Your goal - Copy, exactly as written, the lines that begin at the one containing "Francia Raisa photo 24 of 632" and end at the one containing "Photo 20 of". Skip any pictures in the data below.

Data -
....

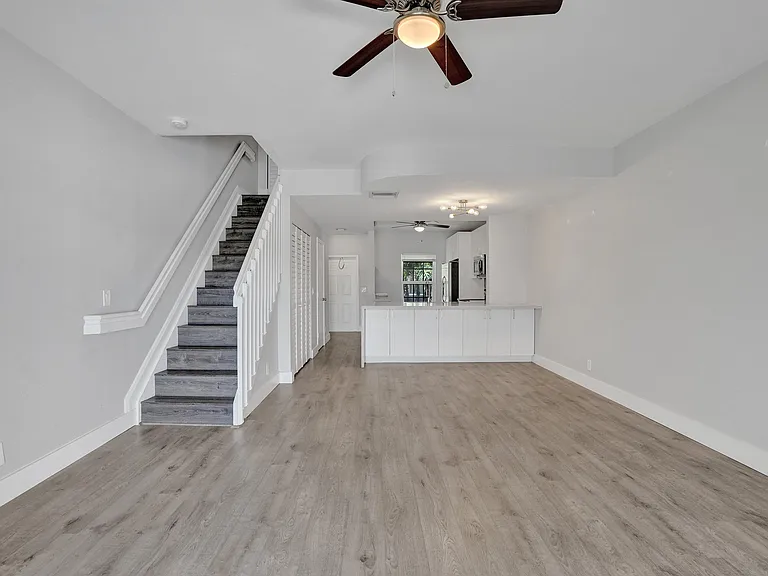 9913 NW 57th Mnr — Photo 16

....

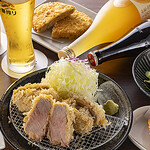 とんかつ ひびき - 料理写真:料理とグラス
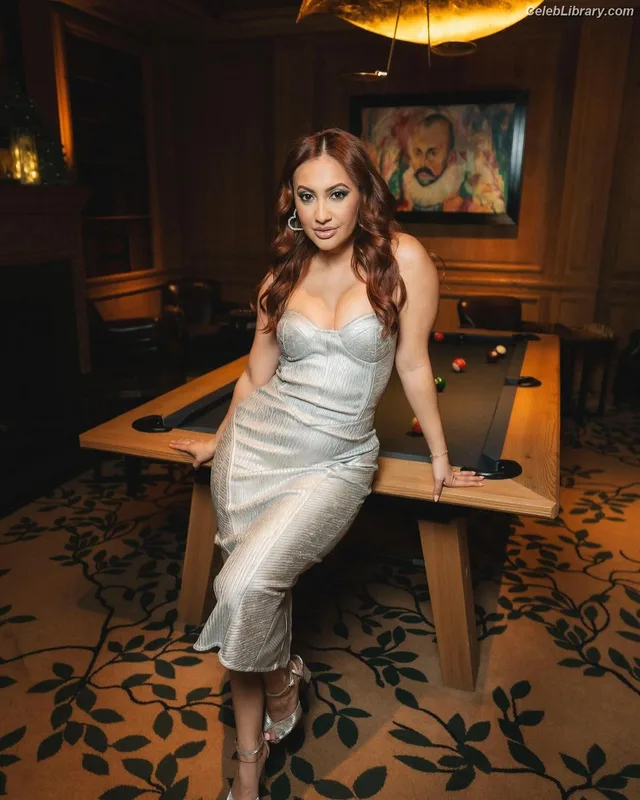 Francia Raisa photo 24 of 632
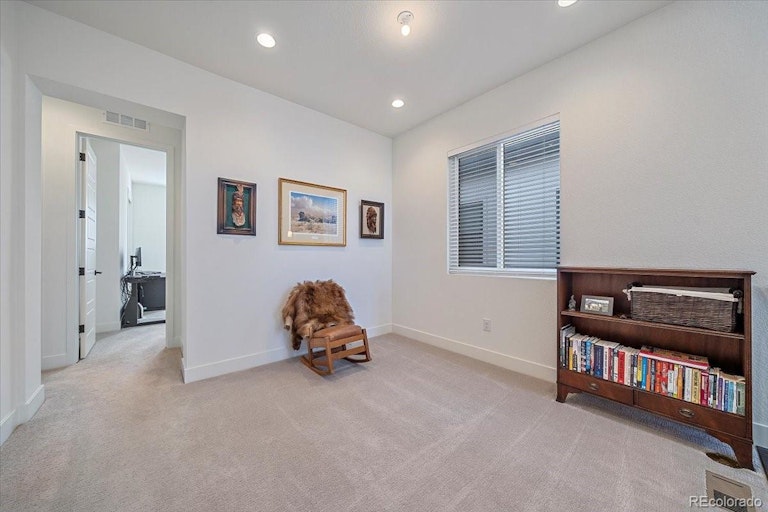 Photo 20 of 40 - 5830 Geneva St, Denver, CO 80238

....

Task answer -
 Francia Raisa photo 24 of 632
 Photo 20 of 40 - 5830 Geneva St, Denver, CO 80238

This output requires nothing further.